The debate, though, was fairly well controlled. Only the panellists and us questioners were miked, so although people where shouting from the floor, they were warned throughout that they couldn’t be heard. You can hear the rentagob during the slavery question but that’s not the only time he shouted out and there were some other professional hecklers but none of them really made too much of an impact other then to interrupt the flow of discussion. Oborne was being deliberately controversial and was largely treated with contempt as he entered preach mode here and there -- he seemed to be allowed to ramble on far longer then the other speakers because Dimbleby and his producer were having a small discussion while he was speaking. I’ll be interested to hear how it came across when I listen again tomorrow.

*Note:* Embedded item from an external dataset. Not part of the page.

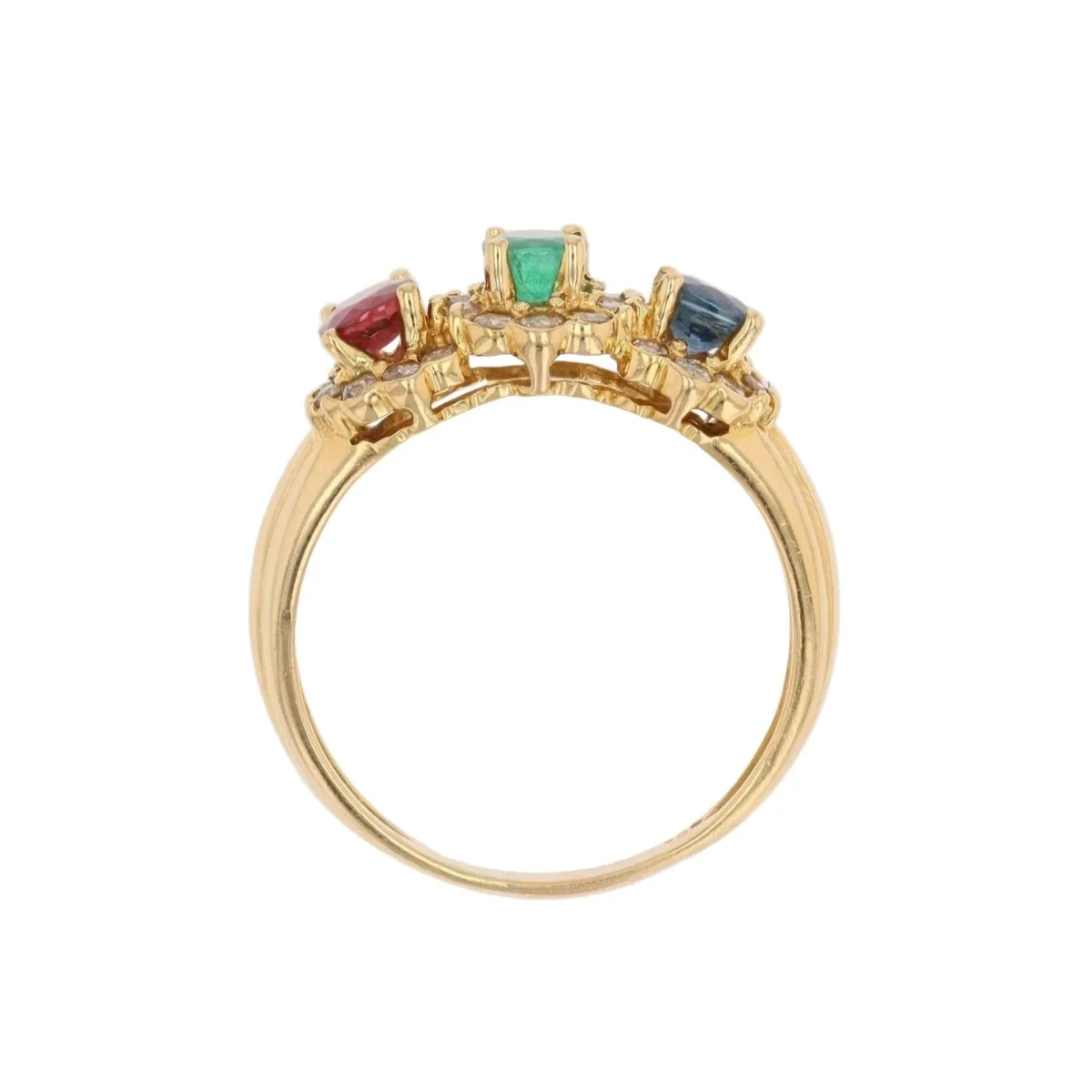Bague Jarretière en or jaune, émeraude, saphir, rubis et diamants - Image 7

I'm glad that the discussion touched on the capital of culture which has become a rather larger issue in the local press as hints and allegations are tossed around and people are asked to resign and don't. Obviously it was given a more wider national feel with Oborne trying to win the crowd back and Bagshawe looking cute whilst mentioning The Beatles because someone had to mention The Beatles, there's a rule. McMillan is right though -- it is the perfect opportunity to help bring communities together and it would be a shame to squander it.

The show ended abruptly as the names of next week’s panel were read out. After the return to broadcasting house, Jon thanked us again for coming, apologised for not everyone being able to be heard and thanked the panel, deliberately screwing up Oborne’s name as revenge for his bloopers during the show. He directed us to listen to Any Answers? and then that was that.


  1. Anonymous12:56 pm

    Amusing programme, with scouse hecklers taking the opportunity to hurl the F word at people they usually don't encounter. Just caught by the mic, presumably couldn't be edited out.

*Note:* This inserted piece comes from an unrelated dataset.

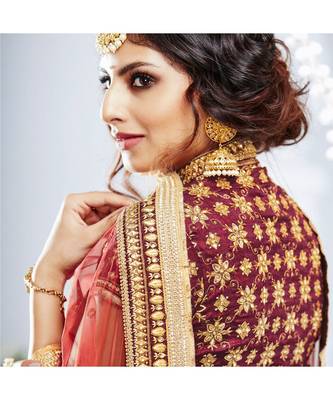 Red embroidered dupion bridal-lehengas 3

    But this constant discussion of 'pool is tiresome. Community spirit, great accent (no, McMillan, its not), treated badly by the best of the country blah blah....fact is, much of the 'pool is a sad crap hole of deprivation and, sometimes, petty criminality. People constantly try and glamourise it - and fact is, city of culture or whatever, it's not. Much of the city is just crap: admit it, acknowledge it, and maybe it will improve. Pretend its not true, and it won't.

  2. Anonymous8:31 pm

    Viva la stereotype ! Have you actually ever been here ?? Care to tell us which part of Utopia you are from, or is that a secret along with you own real name Mr/Miss coward ? I'd like to know exactly what evidence you base this typical media driven view of Liverpool ? Is it the Toxteth riots in the early 80's, or perhaps Harry Enfield's slightly amusing character's from his early 90's show ? I quote - "A sad crap hole of deprivation" - just about sums up your obvious lack of knowledge on the subject in which you are making such un-educated observations. I guess the enormous re-generation of the city centre and surrounding area must have completely passed you by. Liverpool is a city on the up, and has been for over a decade, not just since being awarded Capital of Culture for 2008. Your ill informed views seem to reveal a deep rooted jealousy of that fact. I look forward to more comical bile . . . *dons black curly perm wig and goes off to to fulfil scouse stereotype of picking up Giro before nicking somebody's car tyres*

  3. Rentagob was a bit of an embarrassment, wasn't he. "I've got some black in me" indeed.


    All in all, though, a good evening. And the crowd reaction to Oborne was a wonder to behold.